I went back to read the My Story page of this blog. Bored with the monotony, excess and distractions it is time to shake things up. Hold myself accountable and create a challenge to wake me up. I want the ocean, simplicity and adventure. It feels like lifetimes ago. I love that she knew what she needed and made it happen. Finally, after nearly three years I can admit that I am brave. I was ruthless in my pursuit of happiness and if possible I am even more so now. Now that I own the fact that I defied the odds. It is still a bit uncomfortable to stand in my own power but I am now confident it is there.
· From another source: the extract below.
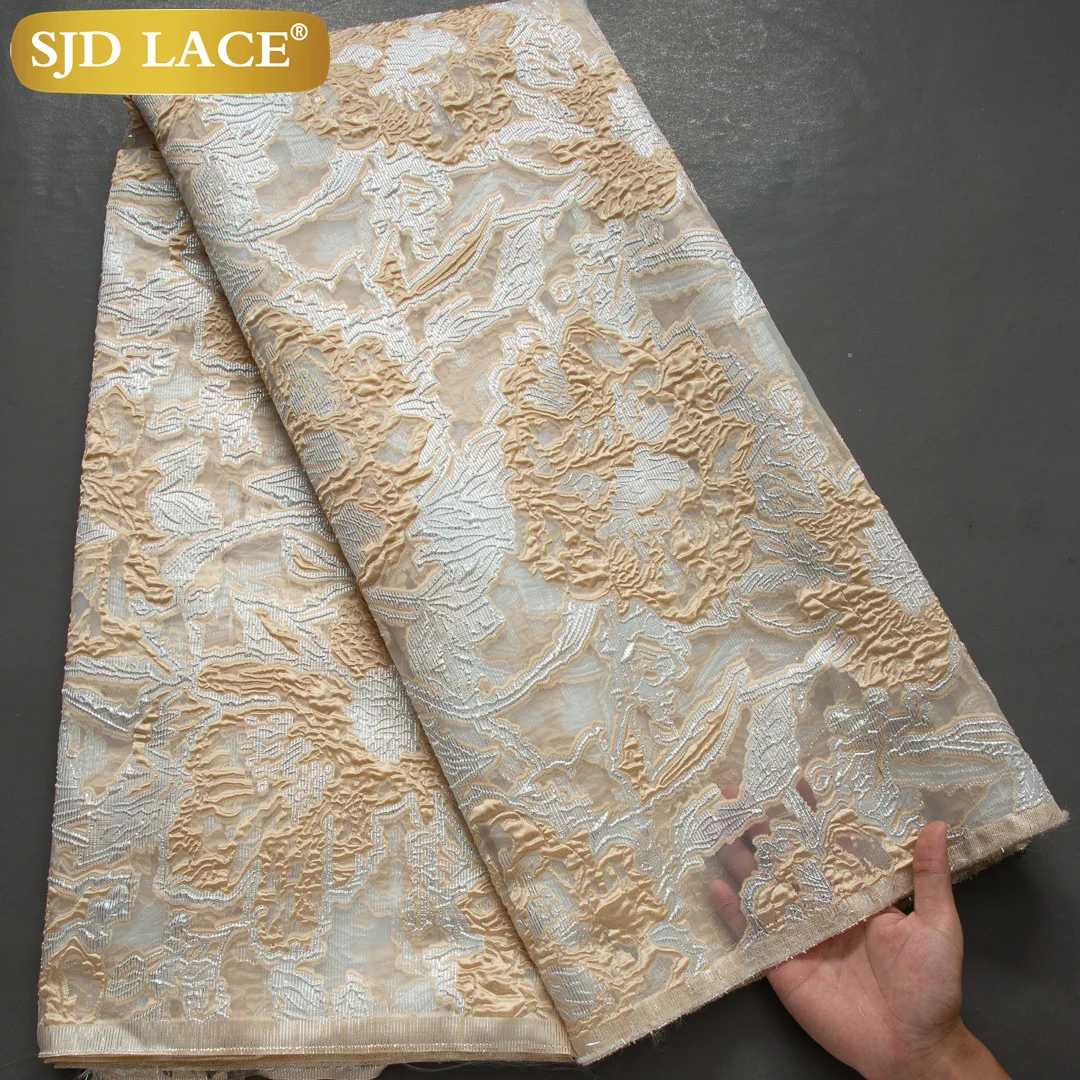 SJD LACE African Brocade Lace Fabric 2026 High Quality Nigerian Jacquard French Demask Lace For Sewing Women Party Dresses 4012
I have shed more layers of fear, doubt and pain than I believed humanly possible. I have found my true self and I will no longer pursue or engage in anything that does not reflect my authenticity. I have worked diligently on myself in this time and it is the best investment I have ever made. I knew I needed space and nature to be brutally honest with myself. I had allowed my life to become what it was. No one ever wants to admit they are at the core of their reality but it is a fact. Everything lies within. If you are not happy with your life then you have to be bold enough to look in the mirror and make changes.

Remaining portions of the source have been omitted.